(Work item):
From the top of the entries below through the line containing "Attached, Exterior, Facade, Brick", return every line exactly as written, please, and stop there.

(Data excerpts):
■ ■ ■

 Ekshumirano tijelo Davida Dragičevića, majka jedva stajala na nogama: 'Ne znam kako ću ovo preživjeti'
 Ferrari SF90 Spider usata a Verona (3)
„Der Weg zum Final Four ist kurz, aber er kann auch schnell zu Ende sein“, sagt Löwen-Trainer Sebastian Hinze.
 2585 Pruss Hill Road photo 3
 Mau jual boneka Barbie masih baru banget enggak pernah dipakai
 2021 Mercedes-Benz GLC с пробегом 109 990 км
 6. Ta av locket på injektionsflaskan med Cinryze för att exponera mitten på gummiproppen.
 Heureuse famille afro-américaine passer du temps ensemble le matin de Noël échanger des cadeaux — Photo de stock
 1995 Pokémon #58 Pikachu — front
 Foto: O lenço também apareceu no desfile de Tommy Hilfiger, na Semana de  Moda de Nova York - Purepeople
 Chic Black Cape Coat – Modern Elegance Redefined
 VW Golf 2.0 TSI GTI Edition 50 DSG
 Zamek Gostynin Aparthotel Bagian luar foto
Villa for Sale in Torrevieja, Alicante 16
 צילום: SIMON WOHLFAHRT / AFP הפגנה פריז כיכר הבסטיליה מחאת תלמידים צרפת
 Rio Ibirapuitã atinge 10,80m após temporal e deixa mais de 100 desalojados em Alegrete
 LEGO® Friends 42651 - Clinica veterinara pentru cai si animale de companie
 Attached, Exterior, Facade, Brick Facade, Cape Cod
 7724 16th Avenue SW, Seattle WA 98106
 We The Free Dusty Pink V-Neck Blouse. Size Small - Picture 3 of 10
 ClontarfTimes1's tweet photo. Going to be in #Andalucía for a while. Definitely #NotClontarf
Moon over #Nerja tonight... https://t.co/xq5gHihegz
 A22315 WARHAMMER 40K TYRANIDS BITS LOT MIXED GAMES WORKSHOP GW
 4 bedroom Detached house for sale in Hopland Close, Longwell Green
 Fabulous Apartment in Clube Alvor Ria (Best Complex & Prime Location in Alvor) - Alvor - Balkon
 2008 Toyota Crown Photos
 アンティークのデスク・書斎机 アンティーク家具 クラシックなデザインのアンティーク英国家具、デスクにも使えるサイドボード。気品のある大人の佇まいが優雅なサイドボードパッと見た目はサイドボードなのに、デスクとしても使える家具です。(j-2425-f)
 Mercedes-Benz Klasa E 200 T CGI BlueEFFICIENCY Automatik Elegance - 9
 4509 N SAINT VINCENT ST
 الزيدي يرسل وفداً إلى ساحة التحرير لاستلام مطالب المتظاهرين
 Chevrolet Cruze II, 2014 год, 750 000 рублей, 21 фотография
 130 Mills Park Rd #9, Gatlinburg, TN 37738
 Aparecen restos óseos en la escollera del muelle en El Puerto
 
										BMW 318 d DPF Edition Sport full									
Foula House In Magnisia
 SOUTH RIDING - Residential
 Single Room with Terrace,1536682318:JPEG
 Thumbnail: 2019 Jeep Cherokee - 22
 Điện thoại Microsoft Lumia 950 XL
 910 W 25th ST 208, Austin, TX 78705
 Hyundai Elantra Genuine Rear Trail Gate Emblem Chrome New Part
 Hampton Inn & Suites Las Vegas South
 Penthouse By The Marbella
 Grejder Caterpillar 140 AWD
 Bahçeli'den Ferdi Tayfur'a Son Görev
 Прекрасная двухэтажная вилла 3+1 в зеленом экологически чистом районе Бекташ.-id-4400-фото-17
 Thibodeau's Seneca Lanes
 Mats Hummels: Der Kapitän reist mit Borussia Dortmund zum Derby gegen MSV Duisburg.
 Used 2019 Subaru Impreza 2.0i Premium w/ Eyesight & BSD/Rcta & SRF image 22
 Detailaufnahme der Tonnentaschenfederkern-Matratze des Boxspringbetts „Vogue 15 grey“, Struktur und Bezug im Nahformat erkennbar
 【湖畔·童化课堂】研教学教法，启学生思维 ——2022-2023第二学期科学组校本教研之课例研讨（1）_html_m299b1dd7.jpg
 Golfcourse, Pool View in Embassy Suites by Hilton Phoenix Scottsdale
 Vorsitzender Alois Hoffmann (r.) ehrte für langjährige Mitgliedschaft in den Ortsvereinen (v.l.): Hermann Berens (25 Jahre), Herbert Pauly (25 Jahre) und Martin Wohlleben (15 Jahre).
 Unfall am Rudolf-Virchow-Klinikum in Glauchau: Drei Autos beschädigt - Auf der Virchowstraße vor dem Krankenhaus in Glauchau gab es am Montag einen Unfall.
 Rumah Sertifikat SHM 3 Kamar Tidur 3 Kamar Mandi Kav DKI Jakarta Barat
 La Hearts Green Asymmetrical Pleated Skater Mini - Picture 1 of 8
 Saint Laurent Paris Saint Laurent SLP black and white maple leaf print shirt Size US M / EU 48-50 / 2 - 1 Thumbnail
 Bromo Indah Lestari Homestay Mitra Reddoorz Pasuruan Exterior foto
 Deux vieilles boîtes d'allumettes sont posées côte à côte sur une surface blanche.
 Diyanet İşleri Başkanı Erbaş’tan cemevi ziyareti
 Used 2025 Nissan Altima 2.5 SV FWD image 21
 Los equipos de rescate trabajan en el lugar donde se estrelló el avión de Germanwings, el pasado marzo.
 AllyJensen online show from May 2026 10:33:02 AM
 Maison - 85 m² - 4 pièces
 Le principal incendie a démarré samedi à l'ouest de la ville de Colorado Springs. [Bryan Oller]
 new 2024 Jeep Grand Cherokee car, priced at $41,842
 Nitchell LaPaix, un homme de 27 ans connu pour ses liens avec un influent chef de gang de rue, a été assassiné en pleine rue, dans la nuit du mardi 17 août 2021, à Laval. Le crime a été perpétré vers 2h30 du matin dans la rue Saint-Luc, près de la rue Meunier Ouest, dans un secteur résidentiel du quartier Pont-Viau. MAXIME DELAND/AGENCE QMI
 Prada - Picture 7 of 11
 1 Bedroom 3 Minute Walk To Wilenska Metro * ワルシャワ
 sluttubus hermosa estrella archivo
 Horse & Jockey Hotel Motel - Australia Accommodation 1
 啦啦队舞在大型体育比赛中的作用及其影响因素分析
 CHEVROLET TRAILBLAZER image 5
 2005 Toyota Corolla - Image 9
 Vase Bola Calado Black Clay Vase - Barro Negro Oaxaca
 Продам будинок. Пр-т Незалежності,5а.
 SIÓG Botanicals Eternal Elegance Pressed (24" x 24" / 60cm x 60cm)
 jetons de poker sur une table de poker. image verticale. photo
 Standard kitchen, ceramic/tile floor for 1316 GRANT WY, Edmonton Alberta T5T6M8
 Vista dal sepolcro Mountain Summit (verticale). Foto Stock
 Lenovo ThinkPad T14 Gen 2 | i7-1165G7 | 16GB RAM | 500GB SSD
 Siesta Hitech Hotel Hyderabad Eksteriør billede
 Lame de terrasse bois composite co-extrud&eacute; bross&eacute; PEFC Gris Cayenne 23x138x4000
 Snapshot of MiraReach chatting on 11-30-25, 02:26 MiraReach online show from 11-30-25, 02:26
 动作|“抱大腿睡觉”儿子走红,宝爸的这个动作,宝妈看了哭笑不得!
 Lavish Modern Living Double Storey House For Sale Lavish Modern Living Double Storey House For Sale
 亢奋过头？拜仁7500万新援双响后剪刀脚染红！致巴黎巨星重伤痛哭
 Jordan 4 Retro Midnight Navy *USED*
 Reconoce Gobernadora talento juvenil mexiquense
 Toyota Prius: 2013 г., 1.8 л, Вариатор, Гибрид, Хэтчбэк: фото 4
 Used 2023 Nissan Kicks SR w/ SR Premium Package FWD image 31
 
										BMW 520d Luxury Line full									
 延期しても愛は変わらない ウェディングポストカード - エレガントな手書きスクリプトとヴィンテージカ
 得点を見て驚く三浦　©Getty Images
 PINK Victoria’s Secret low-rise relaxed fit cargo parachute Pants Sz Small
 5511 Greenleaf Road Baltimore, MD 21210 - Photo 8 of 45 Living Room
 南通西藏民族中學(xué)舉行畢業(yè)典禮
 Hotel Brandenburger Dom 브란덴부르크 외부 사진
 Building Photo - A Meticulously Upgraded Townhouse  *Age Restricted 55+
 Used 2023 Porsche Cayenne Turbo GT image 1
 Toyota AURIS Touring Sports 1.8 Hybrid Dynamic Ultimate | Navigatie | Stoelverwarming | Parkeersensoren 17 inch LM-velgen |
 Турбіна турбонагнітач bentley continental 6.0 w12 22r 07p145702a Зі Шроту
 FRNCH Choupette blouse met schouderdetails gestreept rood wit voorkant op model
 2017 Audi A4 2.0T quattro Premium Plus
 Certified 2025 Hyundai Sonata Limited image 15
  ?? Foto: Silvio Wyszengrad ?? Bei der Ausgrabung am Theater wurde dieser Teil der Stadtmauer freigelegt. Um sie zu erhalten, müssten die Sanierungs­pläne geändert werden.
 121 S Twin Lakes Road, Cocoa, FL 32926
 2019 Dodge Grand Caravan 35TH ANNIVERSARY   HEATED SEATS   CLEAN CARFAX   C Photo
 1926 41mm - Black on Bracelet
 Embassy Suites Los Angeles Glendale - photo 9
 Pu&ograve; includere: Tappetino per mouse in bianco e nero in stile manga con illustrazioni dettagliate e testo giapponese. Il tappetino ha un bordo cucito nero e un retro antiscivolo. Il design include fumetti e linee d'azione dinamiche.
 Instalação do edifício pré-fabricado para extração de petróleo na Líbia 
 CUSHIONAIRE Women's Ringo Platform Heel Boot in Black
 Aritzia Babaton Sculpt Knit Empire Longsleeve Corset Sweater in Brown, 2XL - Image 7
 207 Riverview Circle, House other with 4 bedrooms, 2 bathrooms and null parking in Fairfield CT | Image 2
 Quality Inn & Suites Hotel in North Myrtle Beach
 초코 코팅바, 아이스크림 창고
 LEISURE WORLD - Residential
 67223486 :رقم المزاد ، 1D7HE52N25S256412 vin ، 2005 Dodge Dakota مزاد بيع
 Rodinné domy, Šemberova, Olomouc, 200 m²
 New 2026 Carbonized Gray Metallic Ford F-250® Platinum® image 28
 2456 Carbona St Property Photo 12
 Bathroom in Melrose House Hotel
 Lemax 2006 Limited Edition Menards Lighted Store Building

■ ■ ■

(Task response):
 Ekshumirano tijelo Davida Dragičevića, majka jedva stajala na nogama: 'Ne znam kako ću ovo preživjeti'
 Ferrari SF90 Spider usata a Verona (3)
„Der Weg zum Final Four ist kurz, aber er kann auch schnell zu Ende sein“, sagt Löwen-Trainer Sebastian Hinze.
 2585 Pruss Hill Road photo 3
 Mau jual boneka Barbie masih baru banget enggak pernah dipakai
 2021 Mercedes-Benz GLC с пробегом 109 990 км
 6. Ta av locket på injektionsflaskan med Cinryze för att exponera mitten på gummiproppen.
 Heureuse famille afro-américaine passer du temps ensemble le matin de Noël échanger des cadeaux — Photo de stock
 1995 Pokémon #58 Pikachu — front
 Foto: O lenço também apareceu no desfile de Tommy Hilfiger, na Semana de  Moda de Nova York - Purepeople
 Chic Black Cape Coat – Modern Elegance Redefined
 VW Golf 2.0 TSI GTI Edition 50 DSG
 Zamek Gostynin Aparthotel Bagian luar foto
Villa for Sale in Torrevieja, Alicante 16
 צילום: SIMON WOHLFAHRT / AFP הפגנה פריז כיכר הבסטיליה מחאת תלמידים צרפת
 Rio Ibirapuitã atinge 10,80m após temporal e deixa mais de 100 desalojados em Alegrete
 LEGO® Friends 42651 - Clinica veterinara pentru cai si animale de companie
 Attached, Exterior, Facade, Brick Facade, Cape Cod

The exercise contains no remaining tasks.